Exactly. If you look at the comic and the movie together they haven't actually done anything that is impossible in the Trek universe. A lot of stuff that is implausible perhaps, especially when it comes to character motivations, but nothing that actually goes against the universe.
That doesn't say much, given that pretty much everything is possible in the Trek universe. The only law it follows in the one of plot convenience.
ST has enough technobabble already. Did they REALLY need to introduce new stuff? Like that red matter and black hole time-travel?

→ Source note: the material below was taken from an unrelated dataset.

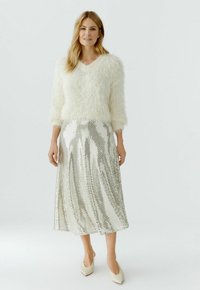 Vrouw die een crèmekleurige, pluizige trui draagt, een zilveren pailletten midirok en crèmekleurige pumps met een puntige neus, staande tegen een witte achtergrond.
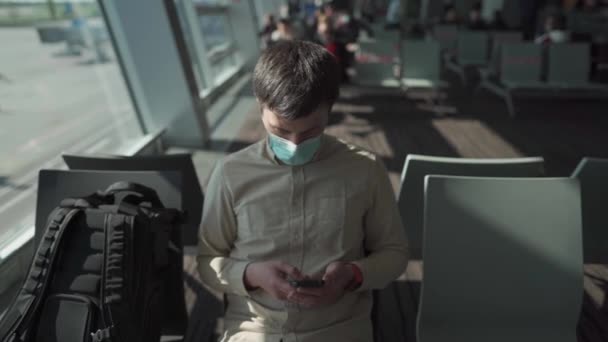 Uomo mascherato si siede all'aeroporto sul sedile distanza sociale dal finestrino prima di salire sull'aereo e utilizzare il telefono per noia. Ritardo del volo. Cancellazione dei voli a causa di quarantena e isolamento covid 19 — Video Stock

They were tracking the launches and projectiles prior to the warp and had precise data for where to shoot on arrival. The fleet, on the other hand, went in blind and was engaged at extremely short range, as was the Kelvin. Boxer versus a puncher. The Federation ship will only have an advantage as long as it stays away. (Which given the more recent vintage of the Narada was probably impossible.)
That explanation doesn't hold water, sorry.
What's preventing other frederation ships from tracking the missiles from warp? How do you know the Enterprise tracked them prior to warp?
Also, they are missiles - they change their flight path, they don't travel in a straight line. So long-term prediction is pretty much useless here.
And finally, we have computers and radars powerful enough to lock on, track and direct fire on missiles within a second right now.
Federation ships shouldn't have trouble shooting down missiles the second they arrive.
EDIT: Come to think of it the whole "Spock should have been in shock about the Romulans" thing is a red herring as well. People aboard the Kelvin saw what Romulans looked like before then and I have to believe the shuttles would have saved some kind of "black box" of the transmissions recieved prior to abandon ship being ordered. They did know what Romulans looked like assuming they could identify the Narada from the same information as a Romulan craft. (Which apparently they could.)